### EXTRACTED ENTRIES
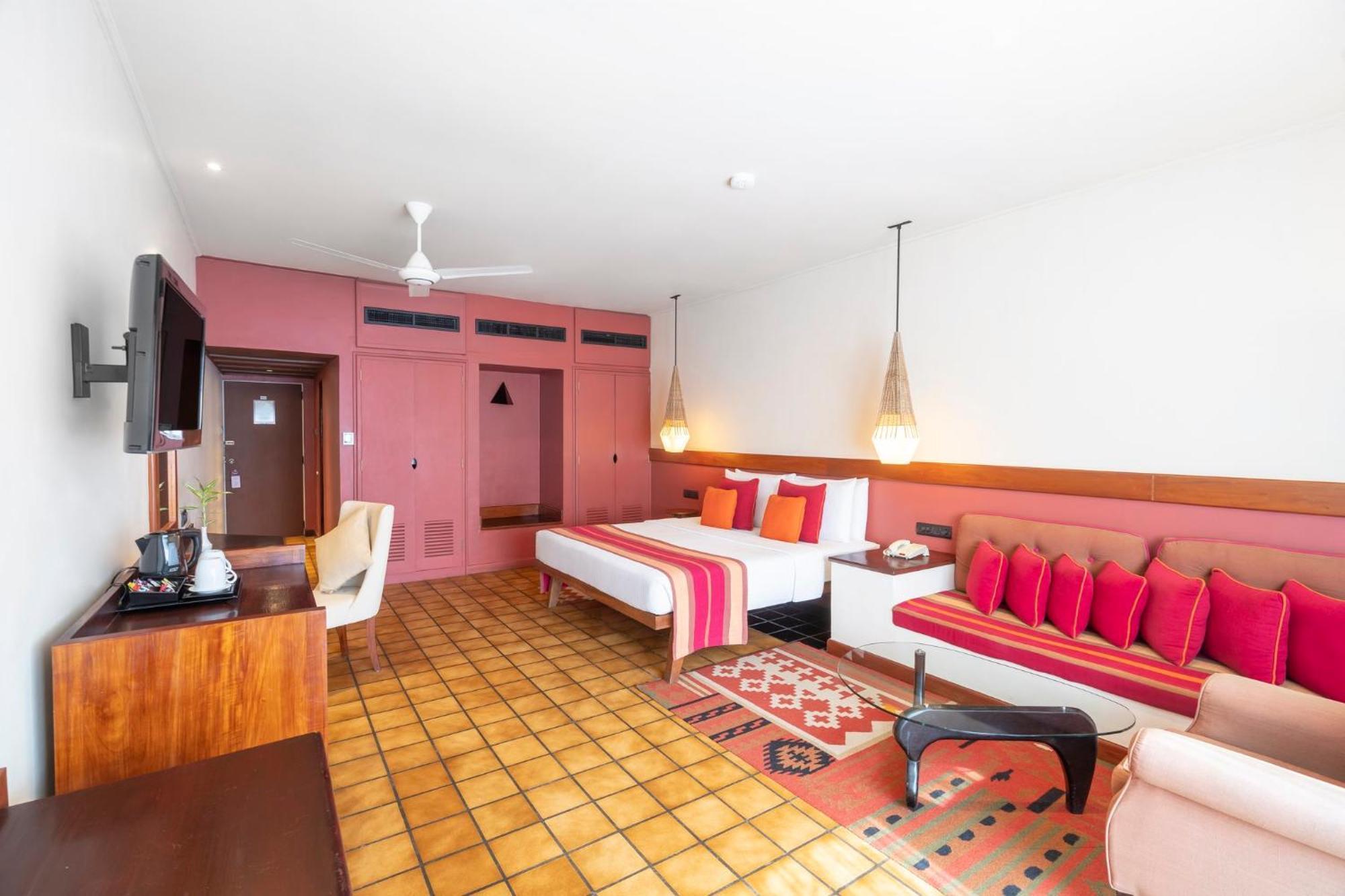 Deluxe King River View - 10% discount on Boat rides & Archery, Early Check In & Late Check Out on Availability,1646341903:JPEG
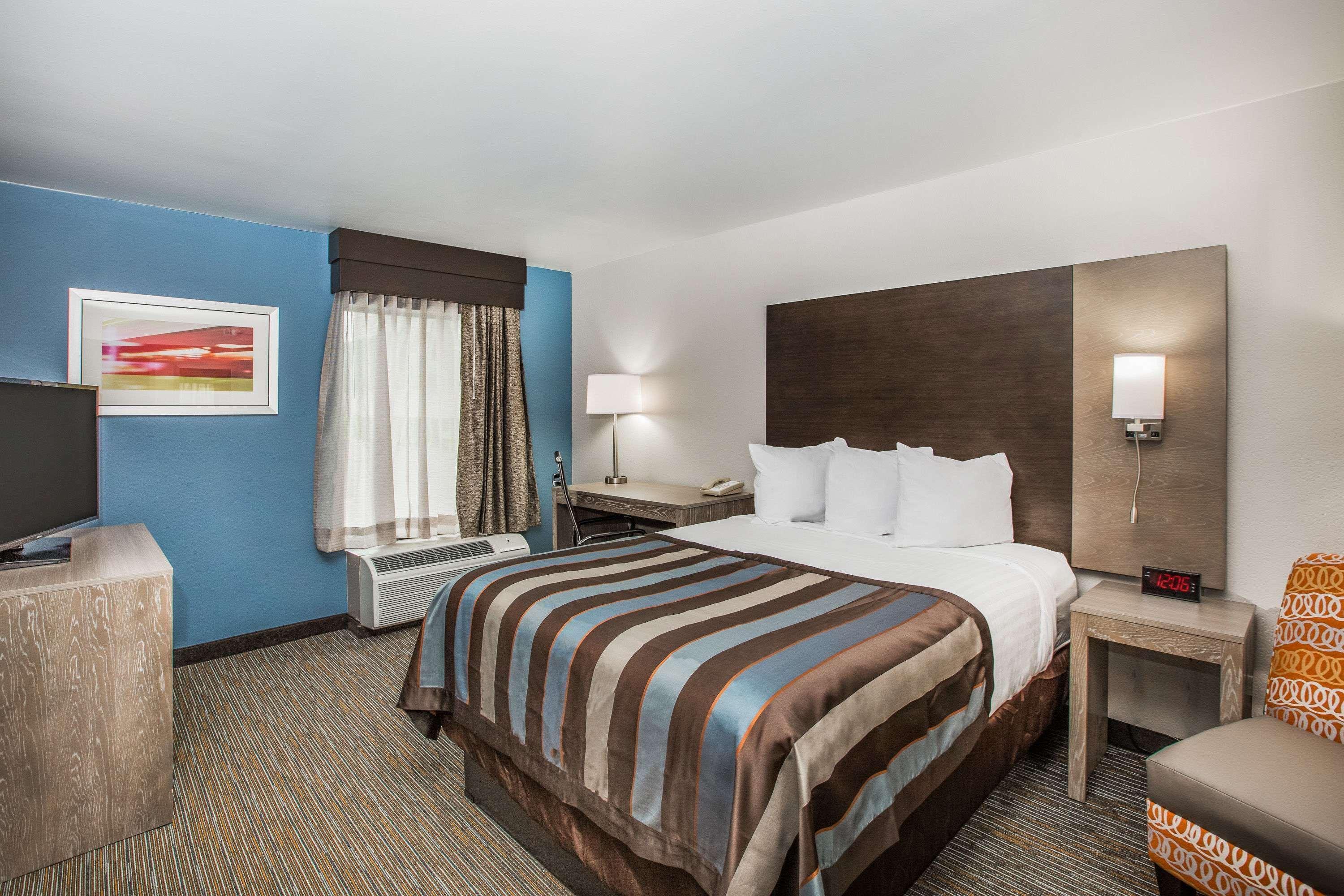 Wingate By Wyndham Louisville Airport Expo Center Exteriör bild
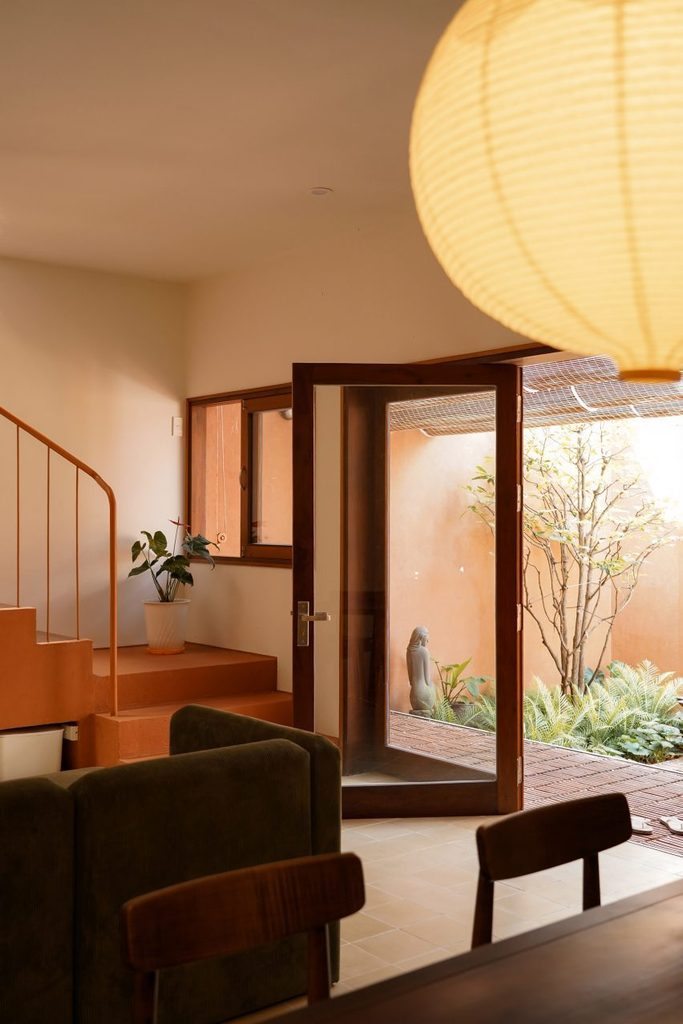 Living room opening onto the entrance courtyard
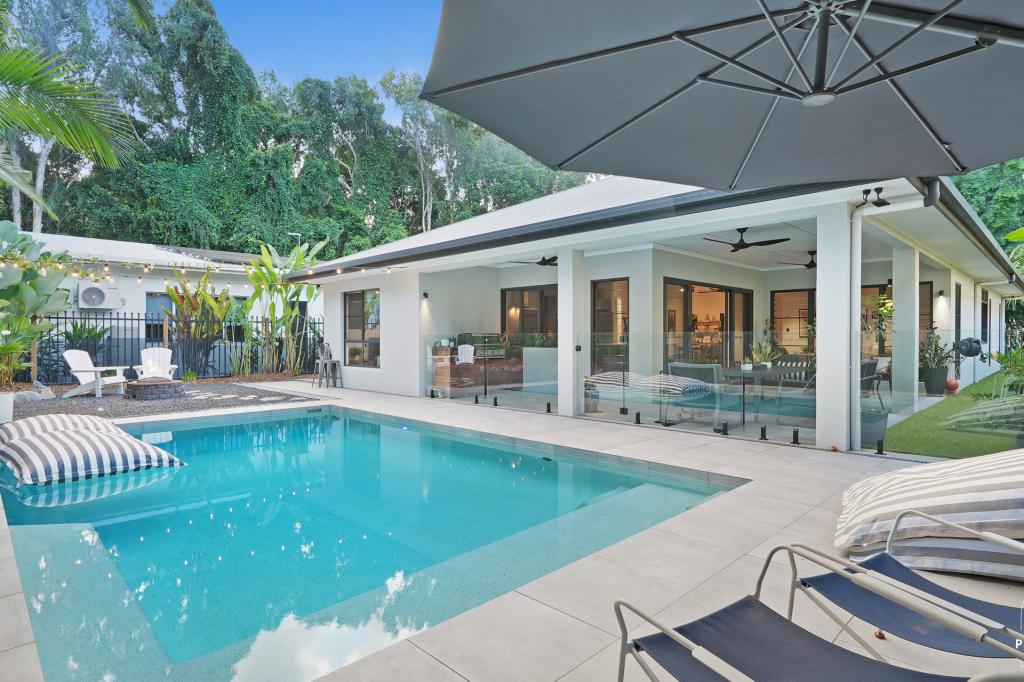 10/109 Upolu Esp, Palm Cove, QLD 4879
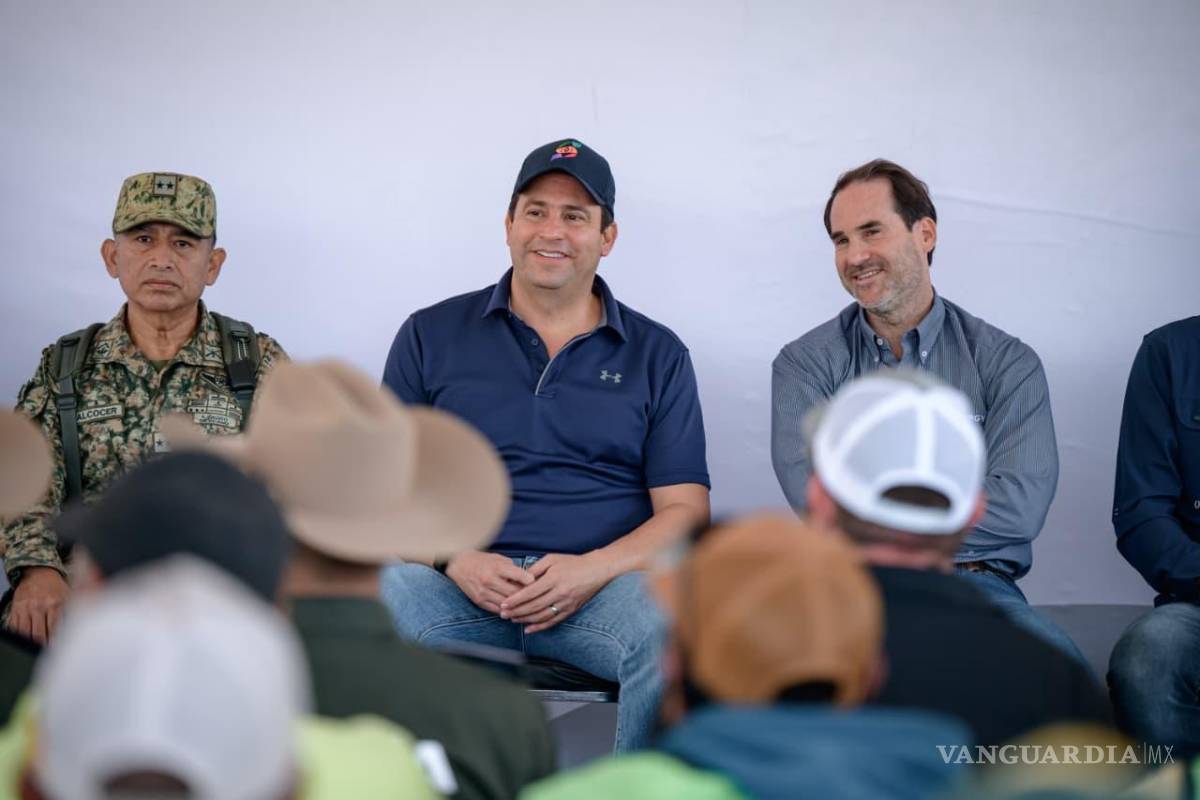 $!Brigadistas, autoridades, representantes de universidades y voluntarios participaron en las primeras labores de reforestación de esta zona natural.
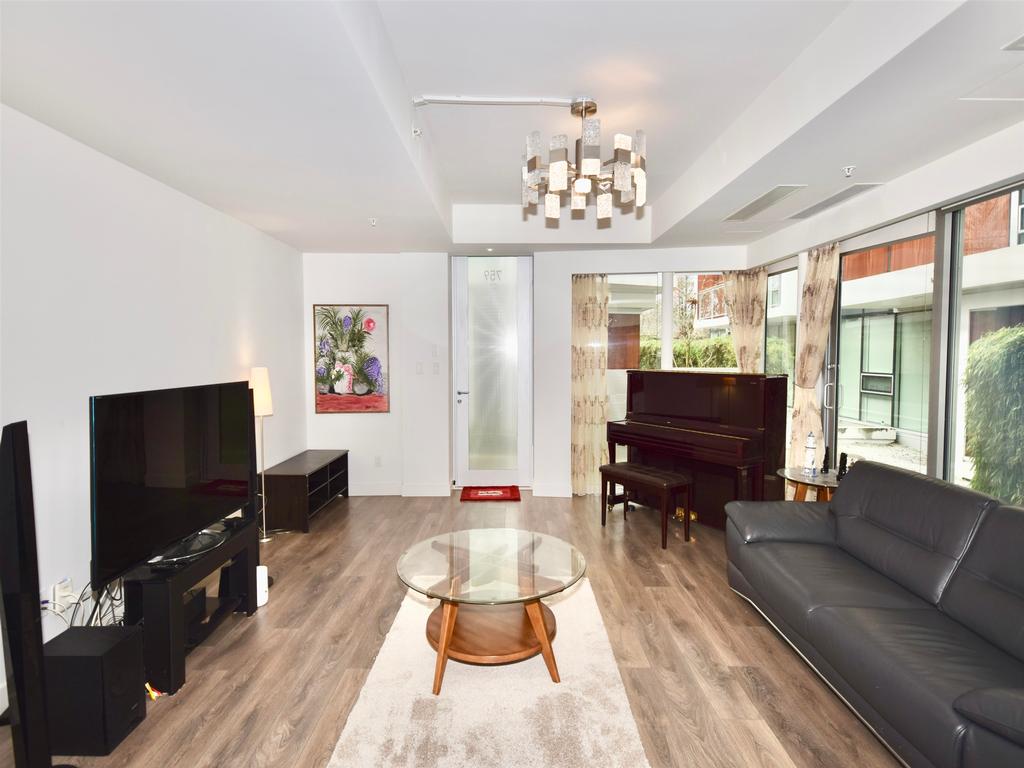 Listing Image for R3072847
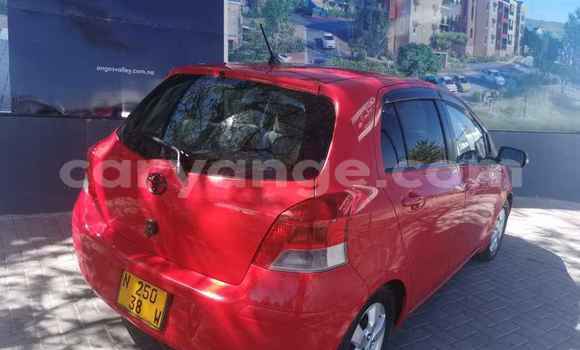 Acheter Occasion Voiture Toyota Vitz Rouge à Windhoek, Namibie Acheter Occasion Voiture Toyota Vitz Rouge à Windhoek, Namibie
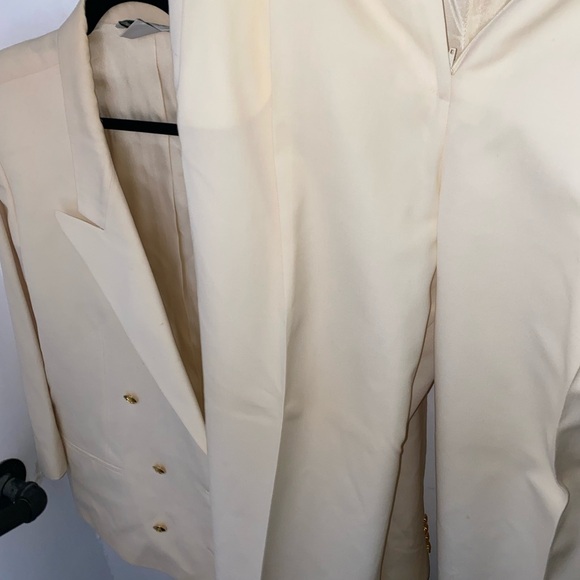 Austin Reed Cream Suit Set – Double-Breasted Top (Size...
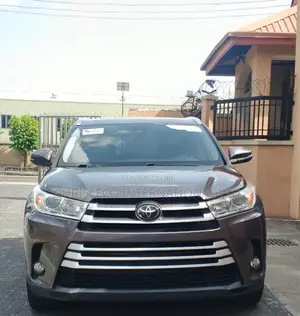 Toyota Highlander 2018 Gray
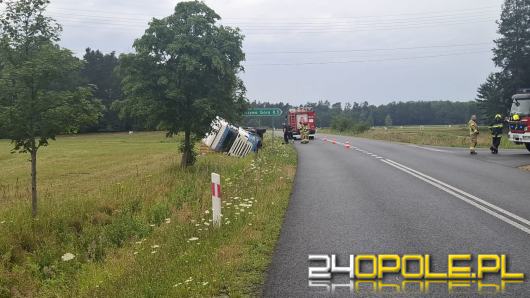 Utrudnienia na drodze wojewódzkiej 454. Zdarzenie drogowe w rejonie Krzywej Góry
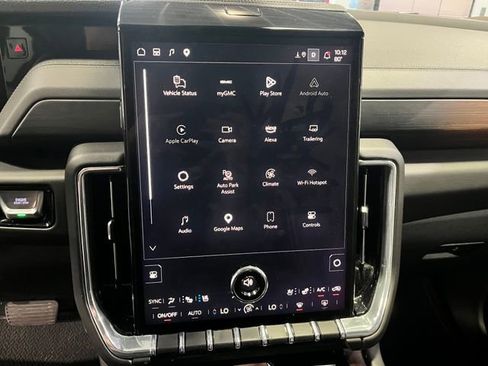 Used 2025 GMC Yukon XL Denali AWD/4WD image 14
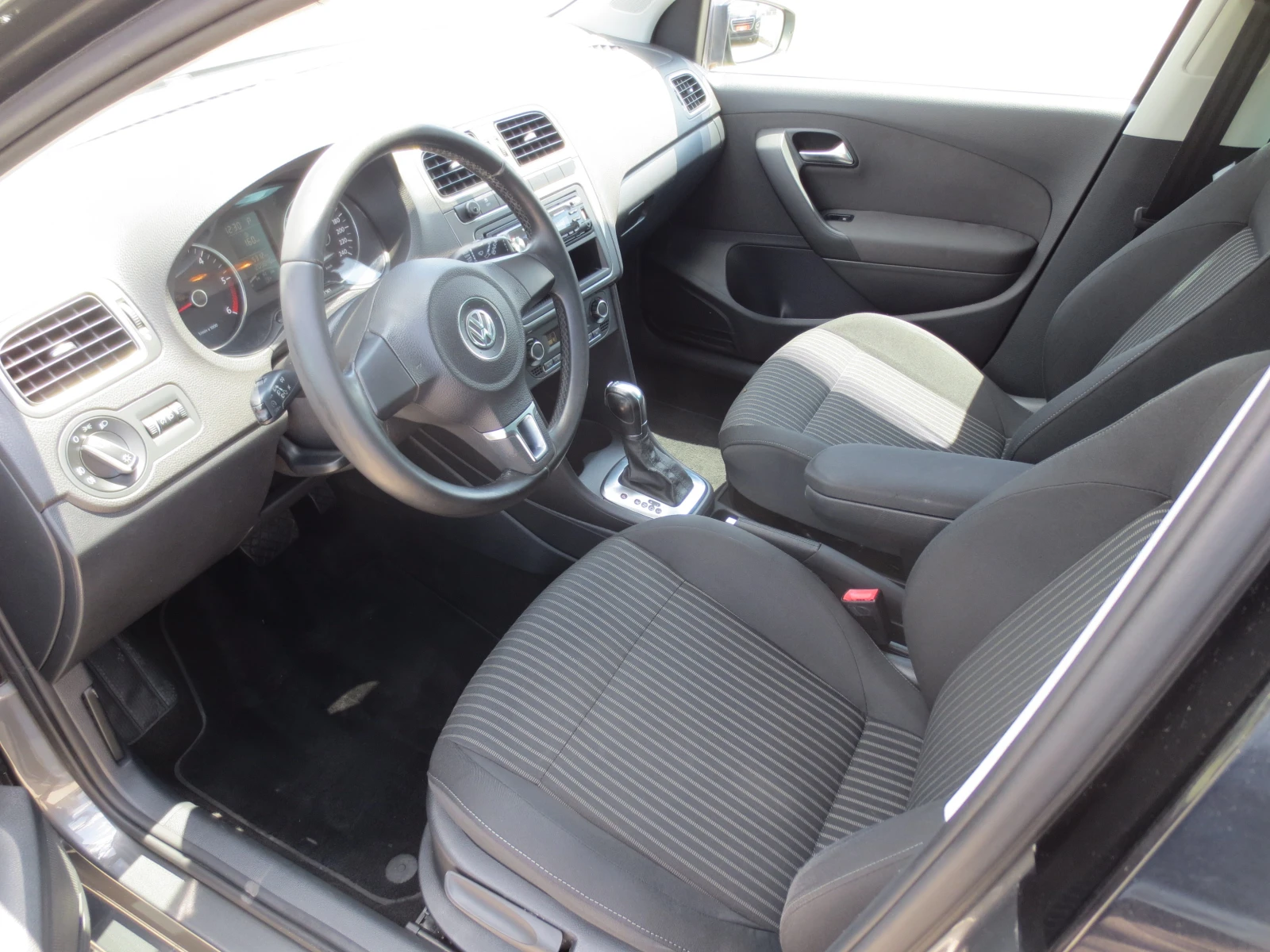 VW Polo 1.6 TDI* DsG*  - изображение 9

### TASK PROMPT
Transcribe every entry above exactly. Omit all pictures.

### ANSWER
 Deluxe King River View - 10% discount on Boat rides & Archery, Early Check In & Late Check Out on Availability,1646341903:JPEG
 Wingate By Wyndham Louisville Airport Expo Center Exteriör bild
 Living room opening onto the entrance courtyard
 10/109 Upolu Esp, Palm Cove, QLD 4879
 $!Brigadistas, autoridades, representantes de universidades y voluntarios participaron en las primeras labores de reforestación de esta zona natural.
 Listing Image for R3072847
 Acheter Occasion Voiture Toyota Vitz Rouge à Windhoek, Namibie Acheter Occasion Voiture Toyota Vitz Rouge à Windhoek, Namibie
 Austin Reed Cream Suit Set – Double-Breasted Top (Size...
 Toyota Highlander 2018 Gray
 Utrudnienia na drodze wojewódzkiej 454. Zdarzenie drogowe w rejonie Krzywej Góry
 Used 2025 GMC Yukon XL Denali AWD/4WD image 14
 VW Polo 1.6 TDI* DsG*  - изображение 9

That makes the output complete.